Image credit: Mike Tetrault


Some of Tetrault’s most intriguing concepts were his themed compilations, in which he solicited submissions that all had to revolve around a particular idea or sound source. He is proudest of A Crutch Or Reel Or Water-Plant, a tape compilation in which he asked for untreated recordings of machinery. He explains that some of the artists even worked in factories, so they brought true audio exclusives to the table. The track listing reveals many interesting items. A mysterious artist named Diet/Labine contributed “Cement Mixer” and “Sri Lanka Coconut Grater.” Veteran artist Jeph Jerman sent in “Fan Belt.” And one of Tetrault’s own pieces is descriptively titled “Crane Used To Pound In Concrete Pillars.” Despite being a favourite, he acknowledges that A Crutch or Reel sold very few copies.

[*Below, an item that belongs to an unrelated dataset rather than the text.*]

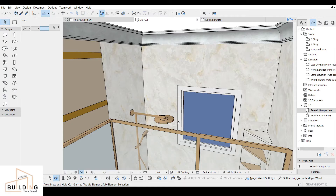Hi everyone, I'm Hana. My channel is about tutorials and 3D designs of buildings. Today's video is about designing a sheet cover for a ceiling and floor by using a profile manager.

Image credit: Mike Tetrault

Another sound-source-specific compilation was Music Boxes, in which he asked artists to send in unaltered recordings of music boxes. That tape featured artists like Randy Greif and No Unauthorized, as well as a remarkable composition by Tetrault himself. “It was a pain in the neck,” he tells me of that track “I hounded everyone I knew for their music boxes and I ended up with like thirty of them. And I wound them all up at once, and recorded them playing. Slowly they died out until only one was playing. I really liked that.”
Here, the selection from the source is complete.